## Aim of the task:
The task requires restating, word for word, the lines of the entries below from the one containing "Tàu có khả năng" through the final one, both included.

_ _ _ _ _ _ _

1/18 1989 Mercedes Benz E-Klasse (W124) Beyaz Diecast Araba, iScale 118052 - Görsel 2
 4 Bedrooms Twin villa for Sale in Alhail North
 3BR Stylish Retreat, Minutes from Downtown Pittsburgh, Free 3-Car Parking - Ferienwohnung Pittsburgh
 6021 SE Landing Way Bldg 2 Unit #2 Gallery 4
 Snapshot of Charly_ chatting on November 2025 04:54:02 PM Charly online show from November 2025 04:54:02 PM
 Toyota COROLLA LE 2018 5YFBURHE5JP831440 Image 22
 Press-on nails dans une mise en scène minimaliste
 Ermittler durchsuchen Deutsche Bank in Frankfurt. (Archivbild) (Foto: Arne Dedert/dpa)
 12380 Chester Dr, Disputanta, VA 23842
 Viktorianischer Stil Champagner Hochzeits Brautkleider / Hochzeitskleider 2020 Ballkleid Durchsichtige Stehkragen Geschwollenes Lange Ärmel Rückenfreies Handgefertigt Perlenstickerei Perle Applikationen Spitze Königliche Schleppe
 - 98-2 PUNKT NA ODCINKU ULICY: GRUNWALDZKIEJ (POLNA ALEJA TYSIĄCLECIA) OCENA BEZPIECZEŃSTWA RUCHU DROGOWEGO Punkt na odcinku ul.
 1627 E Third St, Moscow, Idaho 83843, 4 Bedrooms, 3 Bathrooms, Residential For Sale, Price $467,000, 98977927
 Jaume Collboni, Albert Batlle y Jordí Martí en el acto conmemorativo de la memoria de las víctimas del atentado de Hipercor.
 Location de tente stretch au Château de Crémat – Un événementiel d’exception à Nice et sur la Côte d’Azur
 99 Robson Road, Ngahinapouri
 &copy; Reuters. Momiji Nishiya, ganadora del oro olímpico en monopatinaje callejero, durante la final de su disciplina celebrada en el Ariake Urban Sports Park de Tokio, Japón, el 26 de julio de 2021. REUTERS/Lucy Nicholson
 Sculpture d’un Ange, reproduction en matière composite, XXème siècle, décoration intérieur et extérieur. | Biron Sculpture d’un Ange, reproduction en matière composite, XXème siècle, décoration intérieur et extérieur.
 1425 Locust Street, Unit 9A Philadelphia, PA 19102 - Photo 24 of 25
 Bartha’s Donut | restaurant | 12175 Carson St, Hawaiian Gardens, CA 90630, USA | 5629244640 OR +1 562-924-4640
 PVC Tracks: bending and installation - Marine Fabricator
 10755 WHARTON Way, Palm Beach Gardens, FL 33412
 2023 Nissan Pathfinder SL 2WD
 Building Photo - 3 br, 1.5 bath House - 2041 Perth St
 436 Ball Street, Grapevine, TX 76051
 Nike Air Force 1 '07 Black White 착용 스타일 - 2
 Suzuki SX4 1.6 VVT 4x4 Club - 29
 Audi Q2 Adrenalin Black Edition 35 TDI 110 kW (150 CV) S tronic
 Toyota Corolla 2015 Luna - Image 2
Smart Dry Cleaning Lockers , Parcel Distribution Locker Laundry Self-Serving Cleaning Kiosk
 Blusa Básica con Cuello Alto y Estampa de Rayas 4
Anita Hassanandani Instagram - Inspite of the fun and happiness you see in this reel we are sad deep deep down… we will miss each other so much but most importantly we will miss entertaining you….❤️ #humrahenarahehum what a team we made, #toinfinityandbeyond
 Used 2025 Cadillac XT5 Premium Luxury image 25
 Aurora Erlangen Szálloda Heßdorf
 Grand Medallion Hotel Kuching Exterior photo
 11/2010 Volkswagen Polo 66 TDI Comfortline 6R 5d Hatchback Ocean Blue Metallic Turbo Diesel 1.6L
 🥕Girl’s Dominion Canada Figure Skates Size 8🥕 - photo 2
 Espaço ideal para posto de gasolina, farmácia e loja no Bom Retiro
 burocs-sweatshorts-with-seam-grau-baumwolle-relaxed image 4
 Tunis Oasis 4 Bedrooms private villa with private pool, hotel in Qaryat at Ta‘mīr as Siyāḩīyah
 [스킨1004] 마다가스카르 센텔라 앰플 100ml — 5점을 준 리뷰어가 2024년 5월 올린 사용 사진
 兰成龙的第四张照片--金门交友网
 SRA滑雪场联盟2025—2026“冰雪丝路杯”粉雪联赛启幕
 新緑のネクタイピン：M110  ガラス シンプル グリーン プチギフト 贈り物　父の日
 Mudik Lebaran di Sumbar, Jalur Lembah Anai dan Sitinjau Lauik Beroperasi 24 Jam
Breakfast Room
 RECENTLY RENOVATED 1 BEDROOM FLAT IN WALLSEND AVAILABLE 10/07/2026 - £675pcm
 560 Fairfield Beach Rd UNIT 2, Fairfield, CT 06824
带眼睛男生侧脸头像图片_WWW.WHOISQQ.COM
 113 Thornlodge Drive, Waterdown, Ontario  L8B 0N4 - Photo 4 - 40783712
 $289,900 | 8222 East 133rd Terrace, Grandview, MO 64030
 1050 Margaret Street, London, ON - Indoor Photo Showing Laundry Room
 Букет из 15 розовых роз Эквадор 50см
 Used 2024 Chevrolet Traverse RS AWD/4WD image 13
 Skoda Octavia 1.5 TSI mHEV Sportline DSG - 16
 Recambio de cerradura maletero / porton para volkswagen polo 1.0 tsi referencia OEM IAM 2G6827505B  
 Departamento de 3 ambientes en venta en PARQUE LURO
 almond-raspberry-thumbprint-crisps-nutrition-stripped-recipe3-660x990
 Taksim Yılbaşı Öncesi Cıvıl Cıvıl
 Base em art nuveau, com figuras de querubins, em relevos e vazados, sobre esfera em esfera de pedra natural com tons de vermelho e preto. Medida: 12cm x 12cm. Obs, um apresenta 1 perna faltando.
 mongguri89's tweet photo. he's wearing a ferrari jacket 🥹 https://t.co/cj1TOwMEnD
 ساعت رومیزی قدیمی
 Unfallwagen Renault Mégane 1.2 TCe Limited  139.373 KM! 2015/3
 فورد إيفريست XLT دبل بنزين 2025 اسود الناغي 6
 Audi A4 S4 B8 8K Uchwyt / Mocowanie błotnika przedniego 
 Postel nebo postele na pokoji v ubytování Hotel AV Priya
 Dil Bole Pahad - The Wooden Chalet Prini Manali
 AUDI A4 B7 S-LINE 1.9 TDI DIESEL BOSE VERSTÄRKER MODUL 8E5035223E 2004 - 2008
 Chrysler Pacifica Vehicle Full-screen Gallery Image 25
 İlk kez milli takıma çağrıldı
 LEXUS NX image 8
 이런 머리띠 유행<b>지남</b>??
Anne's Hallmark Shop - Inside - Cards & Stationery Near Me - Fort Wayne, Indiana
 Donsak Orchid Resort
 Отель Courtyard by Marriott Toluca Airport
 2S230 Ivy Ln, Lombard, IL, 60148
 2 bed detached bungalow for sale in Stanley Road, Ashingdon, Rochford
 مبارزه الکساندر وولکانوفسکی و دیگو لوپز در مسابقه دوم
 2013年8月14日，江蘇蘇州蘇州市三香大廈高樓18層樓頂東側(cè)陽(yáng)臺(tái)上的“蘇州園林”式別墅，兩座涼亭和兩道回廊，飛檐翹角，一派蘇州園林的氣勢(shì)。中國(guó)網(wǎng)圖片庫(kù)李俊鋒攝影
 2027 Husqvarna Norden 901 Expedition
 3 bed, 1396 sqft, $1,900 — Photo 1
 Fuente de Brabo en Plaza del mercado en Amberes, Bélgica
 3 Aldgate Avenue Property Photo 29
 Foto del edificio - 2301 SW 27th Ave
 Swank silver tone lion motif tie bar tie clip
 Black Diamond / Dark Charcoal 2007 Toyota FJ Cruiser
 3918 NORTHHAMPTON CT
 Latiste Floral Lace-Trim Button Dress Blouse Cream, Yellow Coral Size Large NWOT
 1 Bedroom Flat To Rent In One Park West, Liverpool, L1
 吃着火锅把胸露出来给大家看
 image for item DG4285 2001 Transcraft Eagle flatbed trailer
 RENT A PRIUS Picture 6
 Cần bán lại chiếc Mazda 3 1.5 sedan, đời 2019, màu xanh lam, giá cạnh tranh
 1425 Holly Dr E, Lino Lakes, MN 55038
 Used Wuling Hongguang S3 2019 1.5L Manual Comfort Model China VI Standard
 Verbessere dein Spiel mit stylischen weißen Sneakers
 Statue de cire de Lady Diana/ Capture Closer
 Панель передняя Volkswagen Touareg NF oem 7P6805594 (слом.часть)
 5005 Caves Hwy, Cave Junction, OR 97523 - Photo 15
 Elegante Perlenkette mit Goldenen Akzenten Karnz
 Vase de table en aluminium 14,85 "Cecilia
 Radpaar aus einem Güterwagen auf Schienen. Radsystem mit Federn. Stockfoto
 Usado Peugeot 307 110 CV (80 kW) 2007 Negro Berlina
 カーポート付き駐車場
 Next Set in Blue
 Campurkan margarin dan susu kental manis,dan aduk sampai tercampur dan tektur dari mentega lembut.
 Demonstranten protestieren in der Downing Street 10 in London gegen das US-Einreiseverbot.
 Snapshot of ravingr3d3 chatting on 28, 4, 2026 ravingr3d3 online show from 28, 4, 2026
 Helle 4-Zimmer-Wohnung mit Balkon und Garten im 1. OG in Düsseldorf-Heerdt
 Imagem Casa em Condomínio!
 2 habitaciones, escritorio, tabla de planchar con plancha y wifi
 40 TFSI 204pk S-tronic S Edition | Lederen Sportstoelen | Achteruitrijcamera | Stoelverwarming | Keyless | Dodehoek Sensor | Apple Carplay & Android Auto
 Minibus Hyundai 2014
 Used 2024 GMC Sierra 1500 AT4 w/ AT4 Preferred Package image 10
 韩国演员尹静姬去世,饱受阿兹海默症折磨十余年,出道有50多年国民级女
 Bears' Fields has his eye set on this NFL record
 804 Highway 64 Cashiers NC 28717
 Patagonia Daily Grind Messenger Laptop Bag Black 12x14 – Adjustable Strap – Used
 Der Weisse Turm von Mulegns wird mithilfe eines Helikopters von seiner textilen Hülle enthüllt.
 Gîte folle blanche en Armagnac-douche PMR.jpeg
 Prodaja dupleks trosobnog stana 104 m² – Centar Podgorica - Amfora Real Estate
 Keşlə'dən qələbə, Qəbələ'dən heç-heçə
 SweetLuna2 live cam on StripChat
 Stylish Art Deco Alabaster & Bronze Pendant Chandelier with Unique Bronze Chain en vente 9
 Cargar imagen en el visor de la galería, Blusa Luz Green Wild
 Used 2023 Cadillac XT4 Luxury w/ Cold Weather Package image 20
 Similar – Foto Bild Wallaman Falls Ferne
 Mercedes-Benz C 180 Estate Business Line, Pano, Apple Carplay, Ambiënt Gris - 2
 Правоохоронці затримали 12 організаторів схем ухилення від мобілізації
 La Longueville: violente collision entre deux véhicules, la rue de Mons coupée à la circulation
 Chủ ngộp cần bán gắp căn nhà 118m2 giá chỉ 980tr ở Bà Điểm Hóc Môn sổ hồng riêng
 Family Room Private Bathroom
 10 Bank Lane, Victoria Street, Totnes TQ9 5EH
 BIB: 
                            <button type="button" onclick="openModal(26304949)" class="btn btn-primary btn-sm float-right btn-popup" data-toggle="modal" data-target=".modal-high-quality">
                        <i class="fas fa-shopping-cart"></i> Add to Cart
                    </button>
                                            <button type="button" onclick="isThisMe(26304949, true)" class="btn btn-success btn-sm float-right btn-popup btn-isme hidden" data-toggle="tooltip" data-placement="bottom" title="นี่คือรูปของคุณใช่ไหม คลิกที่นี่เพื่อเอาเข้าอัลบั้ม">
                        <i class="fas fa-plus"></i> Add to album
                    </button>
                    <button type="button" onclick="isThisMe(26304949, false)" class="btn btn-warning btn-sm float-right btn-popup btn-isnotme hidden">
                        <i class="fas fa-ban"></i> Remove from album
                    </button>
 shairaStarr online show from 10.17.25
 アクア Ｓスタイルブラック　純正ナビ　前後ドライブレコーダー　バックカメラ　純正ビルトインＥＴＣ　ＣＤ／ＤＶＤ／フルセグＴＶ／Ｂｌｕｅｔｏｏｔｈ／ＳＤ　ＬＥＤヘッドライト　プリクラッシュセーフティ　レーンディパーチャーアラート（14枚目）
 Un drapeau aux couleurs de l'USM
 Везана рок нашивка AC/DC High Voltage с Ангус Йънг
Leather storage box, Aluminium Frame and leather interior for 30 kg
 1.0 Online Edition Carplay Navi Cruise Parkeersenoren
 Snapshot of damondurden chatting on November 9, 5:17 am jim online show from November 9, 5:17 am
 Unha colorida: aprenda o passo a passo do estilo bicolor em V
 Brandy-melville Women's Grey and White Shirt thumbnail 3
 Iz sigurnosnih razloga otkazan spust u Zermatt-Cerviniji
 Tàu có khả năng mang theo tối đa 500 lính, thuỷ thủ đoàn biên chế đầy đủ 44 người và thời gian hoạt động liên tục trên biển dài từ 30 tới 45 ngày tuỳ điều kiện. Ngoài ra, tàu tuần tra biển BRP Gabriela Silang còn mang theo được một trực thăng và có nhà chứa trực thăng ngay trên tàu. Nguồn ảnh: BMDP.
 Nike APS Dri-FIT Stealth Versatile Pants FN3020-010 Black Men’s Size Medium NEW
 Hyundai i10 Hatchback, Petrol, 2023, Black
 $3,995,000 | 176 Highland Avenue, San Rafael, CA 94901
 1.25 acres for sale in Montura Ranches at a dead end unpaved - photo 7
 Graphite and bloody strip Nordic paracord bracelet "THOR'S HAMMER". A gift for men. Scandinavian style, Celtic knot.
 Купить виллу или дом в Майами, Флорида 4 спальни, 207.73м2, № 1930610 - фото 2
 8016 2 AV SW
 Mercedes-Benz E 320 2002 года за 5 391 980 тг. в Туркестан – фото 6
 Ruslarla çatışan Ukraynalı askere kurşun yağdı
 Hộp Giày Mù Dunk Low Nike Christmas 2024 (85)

_ _ _ _ _ _ _

## Response box:
 Tàu có khả năng mang theo tối đa 500 lính, thuỷ thủ đoàn biên chế đầy đủ 44 người và thời gian hoạt động liên tục trên biển dài từ 30 tới 45 ngày tuỳ điều kiện. Ngoài ra, tàu tuần tra biển BRP Gabriela Silang còn mang theo được một trực thăng và có nhà chứa trực thăng ngay trên tàu. Nguồn ảnh: BMDP.
 Nike APS Dri-FIT Stealth Versatile Pants FN3020-010 Black Men’s Size Medium NEW
 Hyundai i10 Hatchback, Petrol, 2023, Black
 $3,995,000 | 176 Highland Avenue, San Rafael, CA 94901
 1.25 acres for sale in Montura Ranches at a dead end unpaved - photo 7
 Graphite and bloody strip Nordic paracord bracelet "THOR'S HAMMER". A gift for men. Scandinavian style, Celtic knot.
 Купить виллу или дом в Майами, Флорида 4 спальни, 207.73м2, № 1930610 - фото 2
 8016 2 AV SW
 Mercedes-Benz E 320 2002 года за 5 391 980 тг. в Туркестан – фото 6
 Ruslarla çatışan Ukraynalı askere kurşun yağdı
 Hộp Giày Mù Dunk Low Nike Christmas 2024 (85)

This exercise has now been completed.